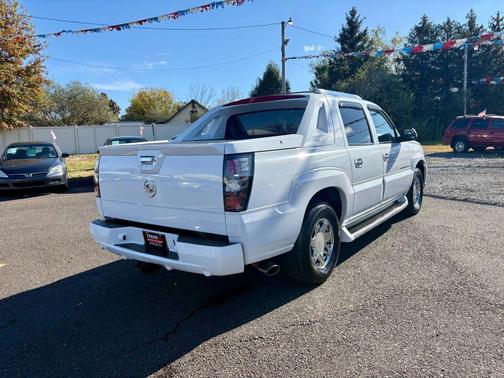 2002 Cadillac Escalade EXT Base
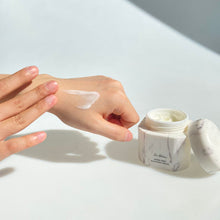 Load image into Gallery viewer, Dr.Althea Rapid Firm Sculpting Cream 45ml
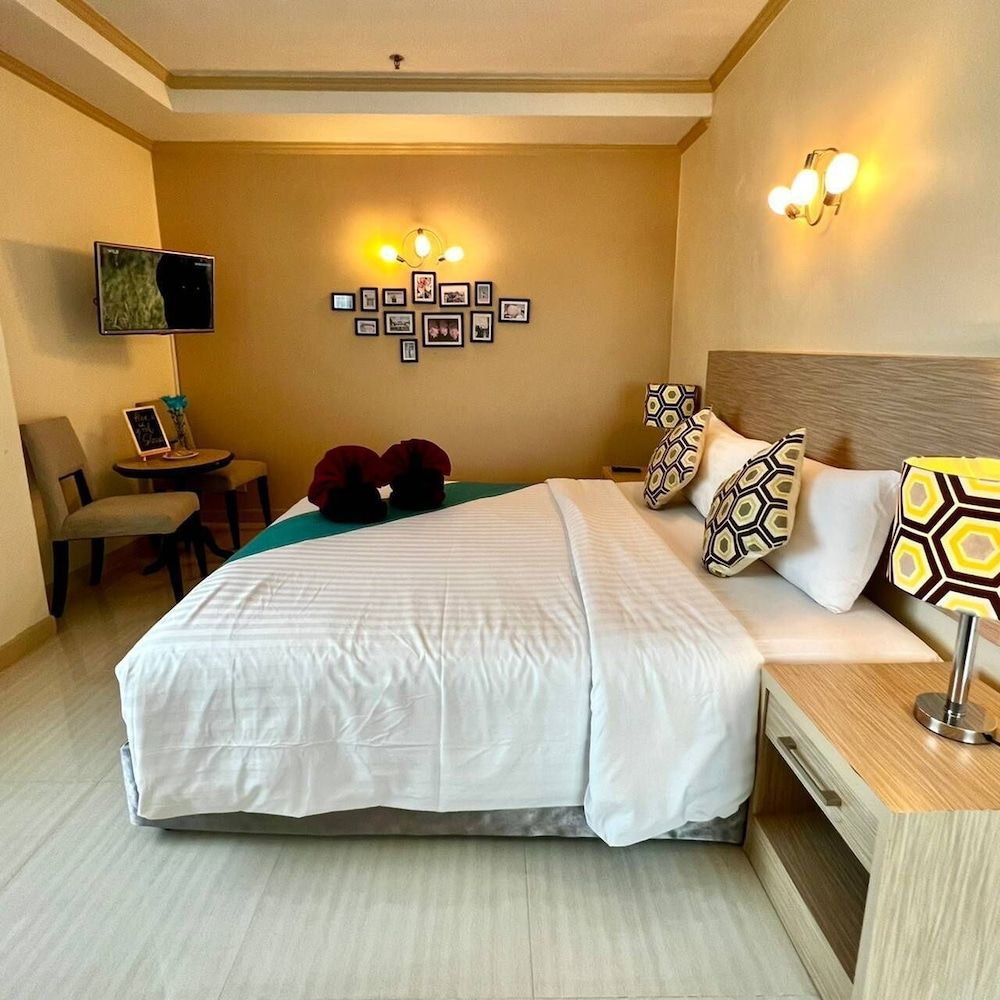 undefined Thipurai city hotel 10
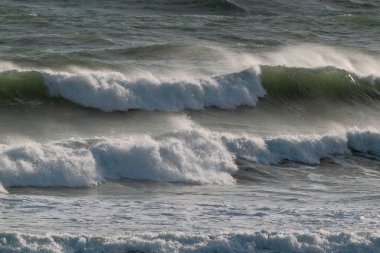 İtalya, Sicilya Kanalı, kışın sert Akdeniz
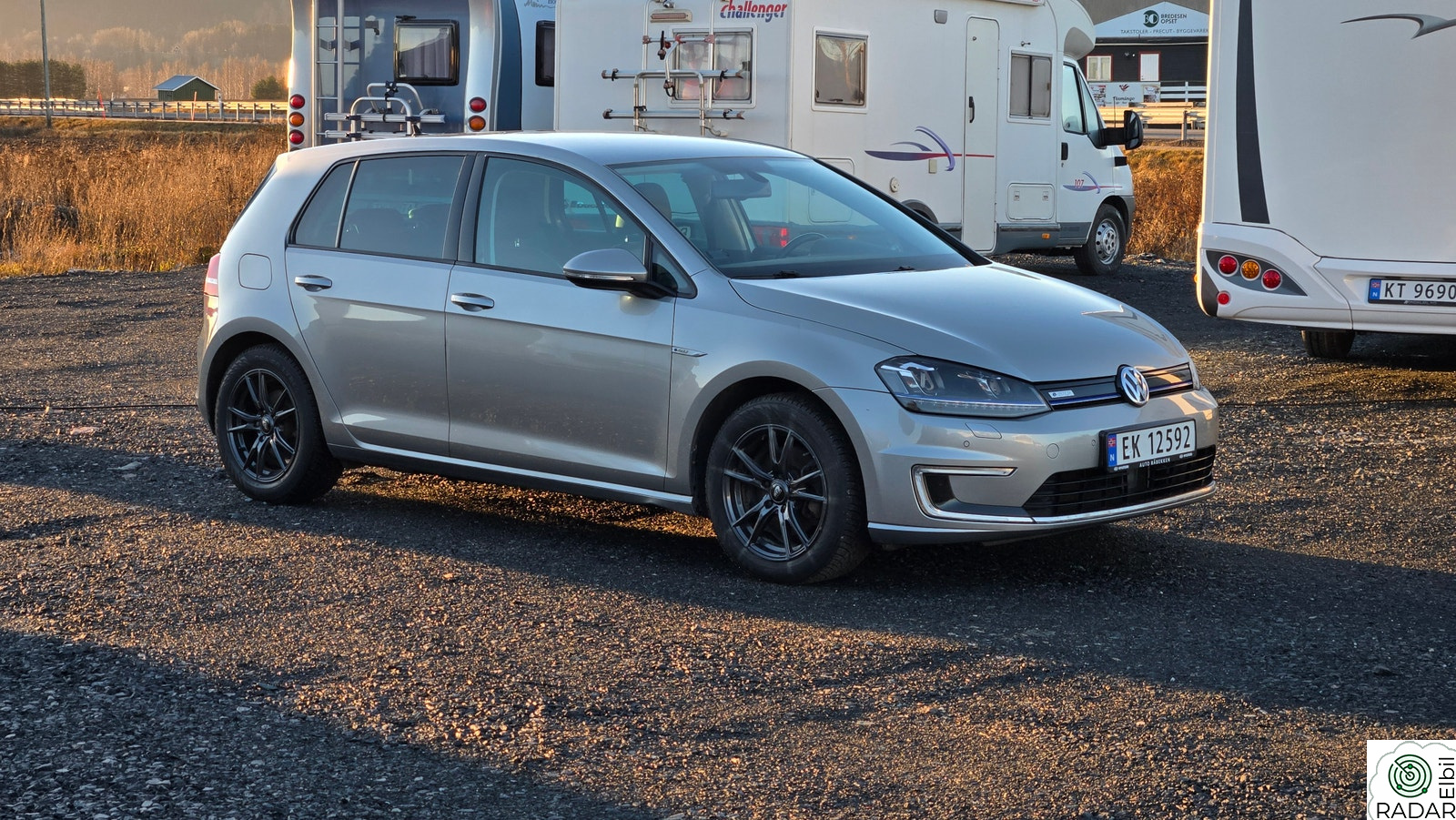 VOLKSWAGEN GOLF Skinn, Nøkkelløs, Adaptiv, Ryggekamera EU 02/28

Task description: Across the whole listing above, repeat each line exactly and leave out the images.

Exercise answer:
 2002 Cadillac Escalade EXT Base
 Load image into Gallery viewer, Dr.Althea Rapid Firm Sculpting Cream 45ml
 undefined Thipurai city hotel 10
 İtalya, Sicilya Kanalı, kışın sert Akdeniz
 VOLKSWAGEN GOLF Skinn, Nøkkelløs, Adaptiv, Ryggekamera EU 02/28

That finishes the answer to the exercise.